AWS Public Sector Blog

Using artificial intelligence and machine learning to advance medical research

Academic medical research

Academic medical centers (AMCs) are under pressure to reduce costs, innovate at scale, and improve operational performance. To do this, they’re turning to the cloud.

The cloud provides the availability, scalability, and security that medical researchers need to deal with large datasets that contain sensitive patient data to discover insights and deliver better care.

Two Amazon Web Services (AWS) Partner Network (APN) Public Sector Partners used the cloud to create solutions for AMCs that use large datasets to help advance medical research and analyze genomic data. Learn how these two partners are building solutions in the cloud to help AMCs further their mission:

Data insights from simulated patient data

When University of Texas Health Science Center at Houston (UTHealth) came to APN Partner Virtusa Corporation to find out how they can make the most of their data to benefit patients with sub arachnoid hemorrhage, they started with data analytics, artificial intelligence (AI), and machine learning (ML).

Virtusa turned to the cloud to design a new solution with Cardinal Health for UTHealth that creates simulated electronic health records (EHRs) and analyzes this information using AI and ML.

The solution, vLife, is a cloud-based healthcare and life sciences marketplace running on a HIPAA-compliant data lake, multiple data sources, pre-built APIs, AI, and ML models to uncover trends in patient treatment and outcomes. vLife can be applied to datasets and pull uncovered insights for specific illnesses, using AWS services like Amazon SageMaker, AWS Lambda, and Amazon Simple Storage Service (Amazon S3).

Virtusa and Cardinal Health will simulate the ML models on a data lake with EHRs for more than 30,000 patients. Based on the outcomes, UTHealth will use the data to tailor their own ML models in a team effort involving clinicians, computer scientists, and researchers with the UT School of Public Health.

vLife supports UTHealth’s efforts to identify common risk factors and the best possible treatment strategies after the patient understands their diagnosis. By applying their ML models to the test environment, UTHealth researchers can validate predictive models and ML algorithms before applying it to real patients and their care.

“Healthcare data is imperfect, and you’re helping close some of those gaps to increase the probability of findings for healthcare providers with vLife.
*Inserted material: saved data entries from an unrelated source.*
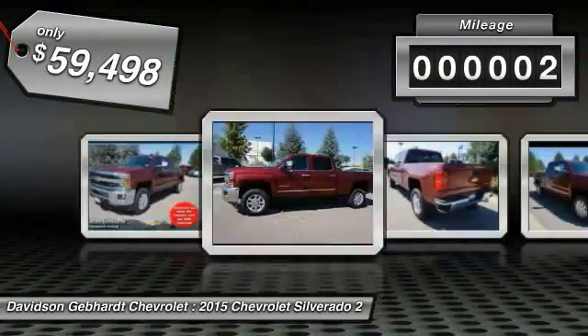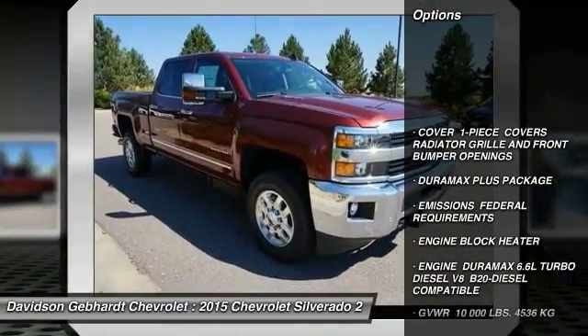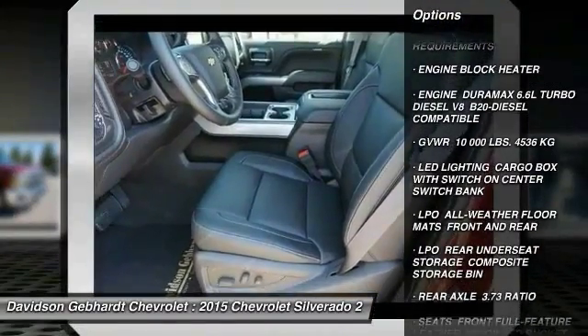This vehicle has less than 100 miles. Here are some of this vehicle's great options: remote engine start, four-wheel drive, fog lamps, daytime running lamps, engine block heater.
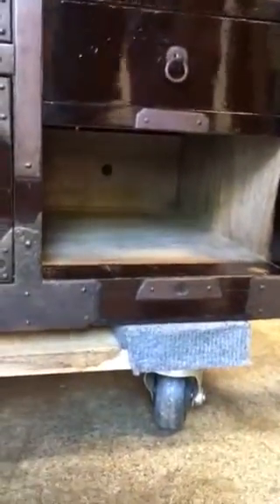The bottom drawer, when fully pulled out, reveals a secret box.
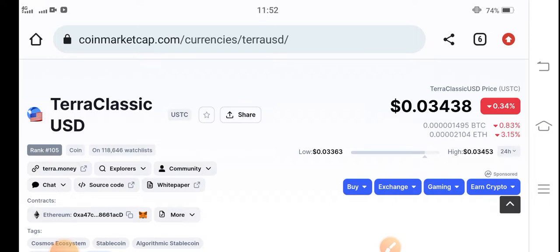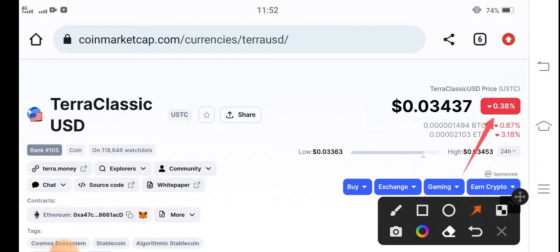Currently, if we talk about Terra Classic USD coin in the market and the price changes — I think this is going to be a surprise video for all my audience, especially for Terra Classic USD coin holders. Right now the changes are showing positive 0.38 percent, though it's decreasing.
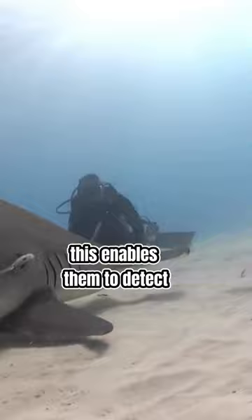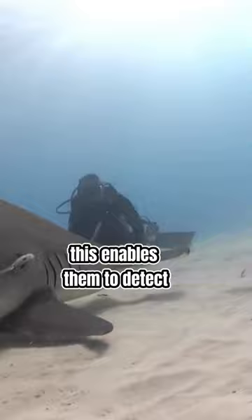The fourth reason is the fact that they can also detect extremely faint odours, thanks to the position of the nostrils at the far ends of the head. This enables them to detect odour gradients more effectively, pinpointing the exact location of potential prey from a distance.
For UTHealth, our endeavor have been in providing them simulated EMR data to help them test and validate their predictive models across multiple disease states,” said Kartik Iyengar, CTO of life sciences at Virtusa.
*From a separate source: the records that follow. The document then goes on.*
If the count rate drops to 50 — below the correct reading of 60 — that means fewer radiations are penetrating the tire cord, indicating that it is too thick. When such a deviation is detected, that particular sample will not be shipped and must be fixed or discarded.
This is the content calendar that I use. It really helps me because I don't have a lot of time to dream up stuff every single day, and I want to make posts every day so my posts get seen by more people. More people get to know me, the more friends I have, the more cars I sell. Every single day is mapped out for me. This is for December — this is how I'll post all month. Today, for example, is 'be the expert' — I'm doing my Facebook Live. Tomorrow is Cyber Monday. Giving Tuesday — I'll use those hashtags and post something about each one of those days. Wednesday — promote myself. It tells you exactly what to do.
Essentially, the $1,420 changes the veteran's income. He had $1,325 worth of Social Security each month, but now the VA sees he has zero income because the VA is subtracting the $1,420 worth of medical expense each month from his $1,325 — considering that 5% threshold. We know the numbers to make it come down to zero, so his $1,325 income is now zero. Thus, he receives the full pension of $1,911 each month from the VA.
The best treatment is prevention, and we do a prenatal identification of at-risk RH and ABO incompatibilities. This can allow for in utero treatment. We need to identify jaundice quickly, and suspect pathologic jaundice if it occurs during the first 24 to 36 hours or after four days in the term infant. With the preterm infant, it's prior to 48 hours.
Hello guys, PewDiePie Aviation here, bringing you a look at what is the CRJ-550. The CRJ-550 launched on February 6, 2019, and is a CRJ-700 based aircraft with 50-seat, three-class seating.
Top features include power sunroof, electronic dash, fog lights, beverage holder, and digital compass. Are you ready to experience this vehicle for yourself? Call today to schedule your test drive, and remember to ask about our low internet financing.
Learn more about Virtusa’s vLife and check out some of their available datasets on the Amazon Data Exchange.

Analyzing genomic workloads

In genomics, the cloud helps derive actionable insights from large, complex data, and scale up and down as needed. Goldfinch Bio needed help analyzing genomic data to help identify new therapeutics to treat kidney disease. APN Premier Consulting Partner Privo IT worked to transform a popular open source genomics tool originally developed for the Broad Institute, a joint venture between Massachusetts Institute of Technology (MIT) and Harvard University focused on genomics, to repackage the tooling on AWS. They created Hail on Amazon EMR.

Hail is an open source solution for working on secondary analysis of genomic workloads. Hail is designed to scale, so that genomics researchers can sift through the data and make progress on research quickly. The newly designed Hail on Amazon EMR runs on top of robust Amazon EMR infrastructure and leverages Amazon SageMaker Notebook instances, which are remotely connected to the main cluster via Apache Livy. An automated build process backed by AWS CodeBuild creates the custom machine images. Hail is designed to scale for multi-petabyte data sets and empower researchers to analyze variants across thousands of genomes painlessly.
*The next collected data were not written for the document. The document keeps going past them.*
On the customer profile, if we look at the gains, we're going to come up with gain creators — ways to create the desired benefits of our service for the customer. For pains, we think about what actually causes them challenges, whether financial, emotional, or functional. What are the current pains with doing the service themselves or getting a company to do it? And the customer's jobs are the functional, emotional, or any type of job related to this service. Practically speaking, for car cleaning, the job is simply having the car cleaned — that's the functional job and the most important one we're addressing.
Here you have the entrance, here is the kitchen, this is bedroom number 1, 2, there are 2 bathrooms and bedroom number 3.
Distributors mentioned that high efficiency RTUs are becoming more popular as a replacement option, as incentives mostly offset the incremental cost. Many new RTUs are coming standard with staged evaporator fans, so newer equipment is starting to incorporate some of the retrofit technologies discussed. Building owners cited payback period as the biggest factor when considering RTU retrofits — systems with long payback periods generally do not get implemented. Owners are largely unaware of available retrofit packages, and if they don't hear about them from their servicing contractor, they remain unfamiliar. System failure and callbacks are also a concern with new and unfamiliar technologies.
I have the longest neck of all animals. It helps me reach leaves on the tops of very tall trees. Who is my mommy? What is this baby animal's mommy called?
With Hail on Amazon EMR, Goldfinch Bio saw reduced cluster deployment time, easier to manage scaling events, and more resilient workspaces (in the form of Sagemaker Notebooks), as well as saved time on operational cycles to maintain the infrastructure. “The benefit to AMCs is enabling scientists to focus on doing the actual science. With Hail on Amazon EMR, you’re empowering researchers by allowing them to focus on what matters—analyzing data, iterating quickly, and accelerating innovation,” Jack O’Brien, Director of Engineering, Privo.